Google says it is working to improve the speeds of Android security updates in 2017, but it admits about half of its users are not getting timely patches.

Published onMarch 22, 2017

Timely security updates for Android devices are becoming more and more important, due to the increase in the number of Android phones on the market, as well as the growing number of malware and other threats from cybercriminals. Today, Google pledged to offer faster Android security patches in 2017, but it also admitted that about half of all Android devices that were in use by the end of 2016 did not get a security update in the previous year.

Samsung will finally offer monthly security updates for its US unlocked phones

Google launched its monthly security update program for Android in 2015. In a blog post today it stated that in 2016, over 735 million devices from over 200 OEMs received some kind of security patch. It added that those updates were rolled out for over half of the top Android 50 devices worldwide in the last quarter of 2016.

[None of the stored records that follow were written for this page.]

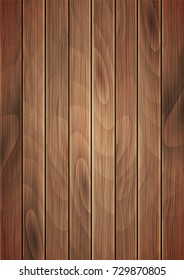 Wooden planks background.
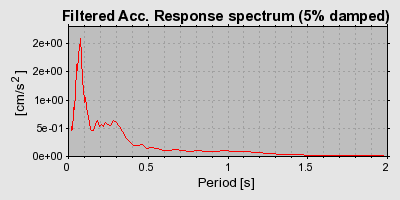 Plot-20160717-21858-1h9iz92-0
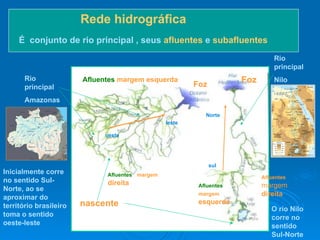 Rede hidrográfica   É  conjunto de rio principal , seus  afluentes  e  subafluentes   Foz nascente Afluentes  margem esquerda   Afluentes   margem  direita  Afluentes   margem  direita  Afluentes  margem  esquerda Rio principal Nilo Rio principal Amazonas O rio Nilo corre no sentido Sul-Norte Inicialmente corre no sentido Sul-Norte, ao se aproximar do  território brasileiro toma o sentido oeste-leste  oeste leste sul Norte Foz 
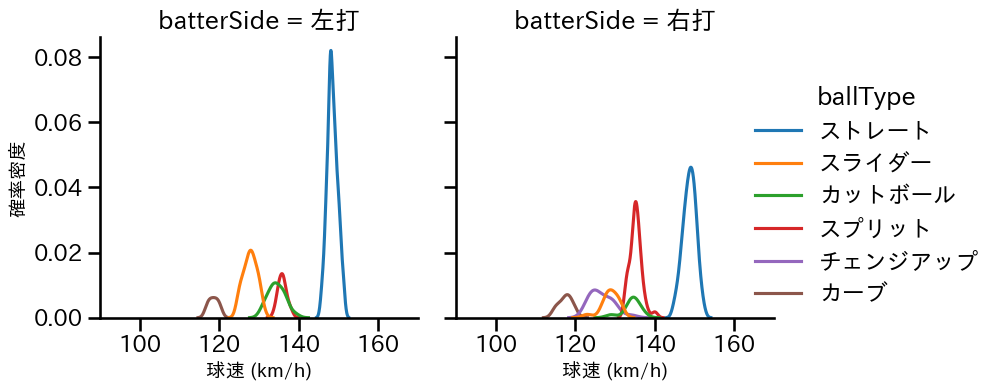 金丸 夢斗 球種&球速の分布2(2025年7月)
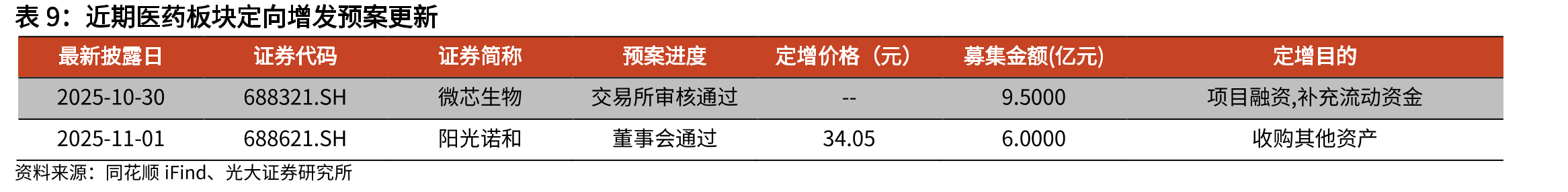 重要抗生素原料药价格走势（元/kg，截至2025.9）_第2页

According to Google, the following devices received security patches to the highest degree:

  • Google Pixel
  • Google Pixel XL
  • Motorola Moto Z Droid
  • OPPO A33W
  • Nexus 6P
  • Nexus 5X
  • Nexus 6
  • OnePlus 3
  • Samsung Galaxy S7
  • ASUS Zenfone 3
  • bq Aquarius M5
  • Nexus 5
  • vivo V3 Max
  • LG V20
  • Sony Xperia X Compact

However, the company still has a long way to go to close that gap and get the other half of active Android products covered under its security updates. It stated that it will be streamlining its program in 2017, so it should be easier for device makers to roll out Android security patches in the future. In a chat with TechCrunch, Android security lead Adrian Ludwig stated that it has already reduced the wait time for new security patches in the US down from six to nine weeks to just a few days, in collaboration with both device makers and wireless carriers. He added that at the end of 2016, 78 percent of Android flagship devices in the US had the current security update installed.

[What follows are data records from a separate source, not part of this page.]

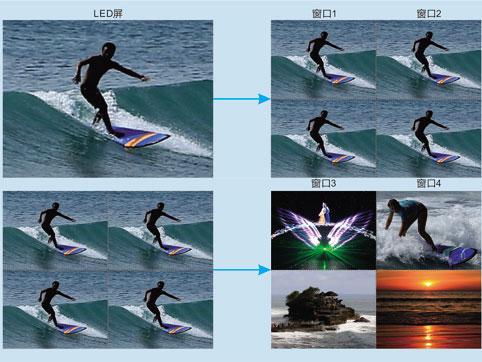 如何實(shí)現(xiàn)多畫(huà)面同屏播放 具體的設(shè)置方法是什么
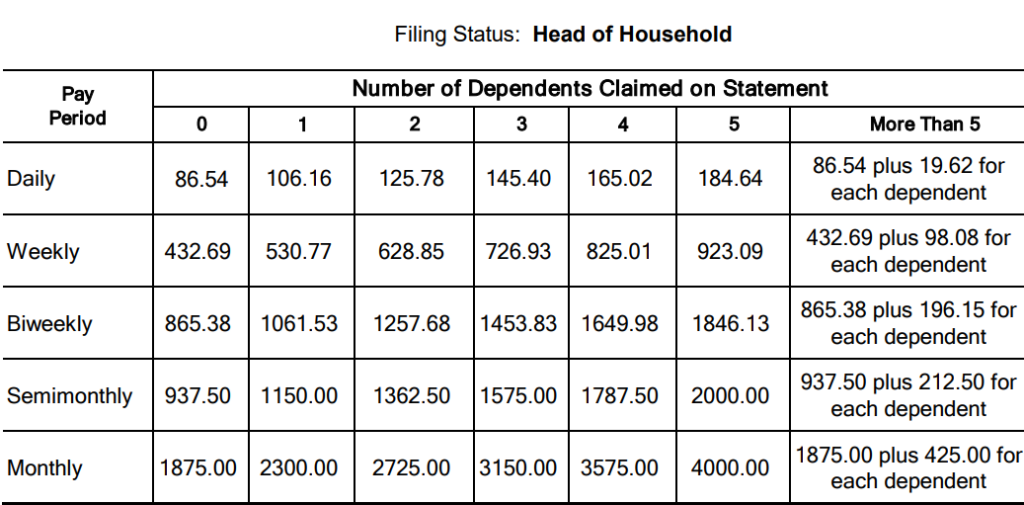 head of household irs wage garnishment table 2025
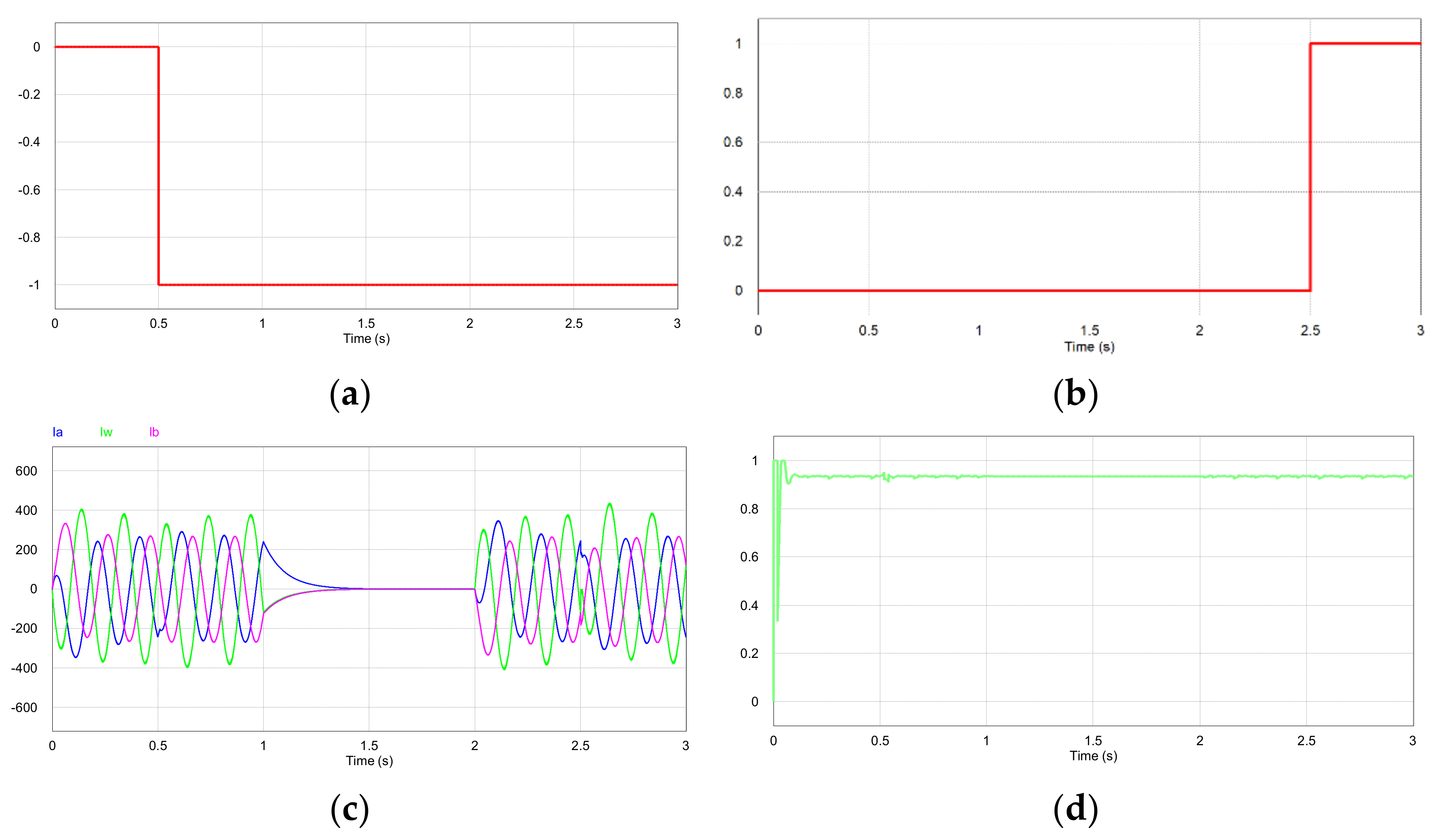 Applsci 11 09874 g010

At the end of 2016, 78 percent of Android flagship devices in the US had the current security update installed

Google has also made better efforts to detect what it calls Potentially Harmful Apps (PHAs) in the Play Store.  It stated that its Verify Apps system conducted 750 million daily checks in 2016, up from 450 million in 2015. It said that by the end of 2016, only 0.05 percent of Android devices that downloaded apps exclusively from the Google Play Store contained a PHA, and that number is down from 0.15 percent in 2015.

Needless to say, Google recommends that Android users download apps just from the Play Store. If a device downloads apps from multiple sources, the likelihood of getting one that is considered a PHA goes up. Google said that by the end of 2016, about 0.71 percent of all Android devices had PHAs installed, up slightly from 0.5 percent from the beginning of 2015.